Снаут на экране выглядел совсем плохо, и я уже знал, чем вызван его предутренний звонок.
– Ты хочешь сказать, что видел странный сон? – спросил я, прежде чем он успел произнести хоть слово.
Голова Снаута дернулась, словно он получил удар по челюсти. Он долго, бесконечно долго смотрел на меня, потом спросил хриплым полушепотом:
– И ты, Кельвин?.. И ты?..
– Да, – ответил я. У меня не было эмоций. У меня уже ничего не было.
И меня тоже не было. – Не прогуляться ли нам в лабораторию? Какой там ящик, Снаут?
– Третий. Третий сверху…
– Вот именно, – подтвердил я. – Правая тумба стола.
Прошло какое-то время, а возможно, это были и вовсе какие-то другие времена, и мы брели по пустым коридорам – две тени из тех десяти с половиной миллиардов теней, что завершали свое бытие в этой Вселенной. Завершали по моей вине.
– Как ты думаешь, Снаут, если еще раз… Просить его о пощаде, умолять…
– Бесполезно, Кельвин… Ты знаешь, что бесполезно…
И вновь прошло время, и выли в моей голове роковые трубы ангелов Апокалипсиса, и мы со Снаутом стояли у стола в лаборатории Сарториуса. Я знал, что нет уже нигде никакого Сарториуса – во всяком случае, на этом плане бытия, – и это не он говорил со мной и Снаутом в наших снах… Не он, а Черный Исполин, что по моей вине стал зловещим Вороном для нашей расы, Вороном-Роком, убийцей человечества…
Я выдвинул ящик стола – третий сверху. Вытащил из-под отчета зажим с детскими рисунками, положил на стол, и Снаут уныло сказал, оттягивая рукой ворот свитера, словно ему было душно:
– Не вини себя, Крис. Ты всего лишь человек. Человек…
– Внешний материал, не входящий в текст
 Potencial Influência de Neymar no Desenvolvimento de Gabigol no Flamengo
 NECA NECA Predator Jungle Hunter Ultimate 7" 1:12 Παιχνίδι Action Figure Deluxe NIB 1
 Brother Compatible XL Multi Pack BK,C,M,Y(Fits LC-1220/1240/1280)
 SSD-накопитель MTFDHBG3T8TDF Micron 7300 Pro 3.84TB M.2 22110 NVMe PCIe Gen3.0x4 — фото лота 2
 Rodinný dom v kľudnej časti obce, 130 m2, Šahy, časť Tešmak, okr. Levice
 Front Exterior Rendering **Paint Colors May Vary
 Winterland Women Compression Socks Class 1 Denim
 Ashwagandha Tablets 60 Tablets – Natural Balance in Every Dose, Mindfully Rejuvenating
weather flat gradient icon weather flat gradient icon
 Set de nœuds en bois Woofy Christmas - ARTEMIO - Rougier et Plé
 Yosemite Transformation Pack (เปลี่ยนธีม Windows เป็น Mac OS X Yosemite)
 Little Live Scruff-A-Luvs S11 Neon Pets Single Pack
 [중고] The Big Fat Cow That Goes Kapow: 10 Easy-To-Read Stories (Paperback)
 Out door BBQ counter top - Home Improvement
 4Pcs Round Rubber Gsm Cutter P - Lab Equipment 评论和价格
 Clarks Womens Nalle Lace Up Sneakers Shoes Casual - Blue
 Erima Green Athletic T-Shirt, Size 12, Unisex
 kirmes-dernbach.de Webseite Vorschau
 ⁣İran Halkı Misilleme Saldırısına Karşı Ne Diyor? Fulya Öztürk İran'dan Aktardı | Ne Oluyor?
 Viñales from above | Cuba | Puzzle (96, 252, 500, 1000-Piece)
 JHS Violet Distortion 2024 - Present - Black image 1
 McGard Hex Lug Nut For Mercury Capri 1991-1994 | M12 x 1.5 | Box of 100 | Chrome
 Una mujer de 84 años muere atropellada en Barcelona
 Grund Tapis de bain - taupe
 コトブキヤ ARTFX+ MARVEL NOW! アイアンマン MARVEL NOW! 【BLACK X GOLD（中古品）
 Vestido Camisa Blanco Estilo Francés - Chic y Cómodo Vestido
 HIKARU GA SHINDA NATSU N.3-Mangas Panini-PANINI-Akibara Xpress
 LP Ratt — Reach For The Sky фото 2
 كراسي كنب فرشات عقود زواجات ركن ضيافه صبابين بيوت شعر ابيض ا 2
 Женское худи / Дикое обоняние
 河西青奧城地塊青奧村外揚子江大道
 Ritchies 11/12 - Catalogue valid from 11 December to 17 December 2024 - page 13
– Нет вины дерьма в том, что оно дерьмо, – отозвался я. – Я знаю, Снаут.
Он вздохнул и промолчал.
12
Я не знал, сколько еще времени отпущено мне, Снауту и всему человечеству. Я ничего не знал. Само понятие «время» потеряло для меня всякий смысл, окружающие предметы то исчезали, то вновь появлялись – меня это совершенно не беспокоило. Я не думал о той, что ушла, я не думал ни о чем. Я не представлял, чем был занят, и был ли чем-нибудь занят. Снаута я больше не видел, не видел с тех пор, как мы с ним стояли у стола в лаборатории Сарториуса… а может быть, он и находился рядом – сбоку, напротив или позади меня, – только я его больше не воспринимал. Тянулся один бесконечный бесцветный день, состоящий из пустоты и тишины, или одна бесконечная бесцветная ночь, состоящая из пустоты и тишины, и сам я был пустотой и тишиной. На веки вечные – пустотой и тишиной.